De tank is afkomstig van Cameron en door hem aanvankelijk overdekt geconstrueerd. Latere onderzoekingen hebben intusschen geleerd, dat het voor de werking van de tank onverschillig is of zij open of gesloten wordt gebouwd, zoodat de keuze hiervan door zuiver practische en technische motieven wordt geleid. De hoeveelheid gas, die zich per kub. M. vloeistof ontwikkelt, is in de meeste gevallen te gering om het opvangen daarvan rendabel te maken. In sommige plaatsen heeft men getracht het toe te passen voor motorische kracht, doch slechts met matig succes. De samenstelling van het gas is afhankelijk van de organische stoffen, waaruit het ontstaat, en als zoodanig in het algemeen niet op te geven; het gas uit rioolwater bevat meestal veel moerasgas.

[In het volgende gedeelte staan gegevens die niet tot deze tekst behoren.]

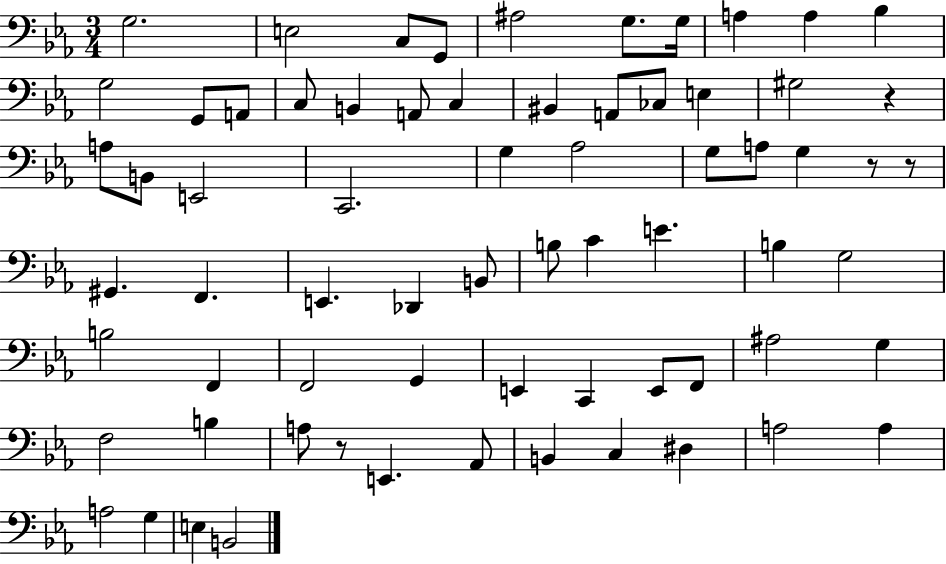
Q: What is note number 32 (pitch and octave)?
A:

Zoodra het vocht uit de tank komt wordt het naar filters gevoerd. Deze worden principieel onderscheiden in twee soorten: de bij afwisseling en de voortdurend werkende. De eerste soort bestaat uit bakken van cement of metselwerk, gewoonlijk 1.20 M. diep en met een oppervlakte die naar de hoeveelheid te verwerken tankvocht moet worden gekozen. Op den bodem liggen draineerbuizen, die voorkomen, dat het uit het filter wegscroomende water zich aan één kant zou ophoopen, wat voor de goede werking van het filter nadeelig is. Op deze draineerbuizen is het filtermateriaal gestapeld, dat bestaat uit stukken kiezel, cokes, slakken en dergelijke van bepaalde afmetingen (6—25 m.m.).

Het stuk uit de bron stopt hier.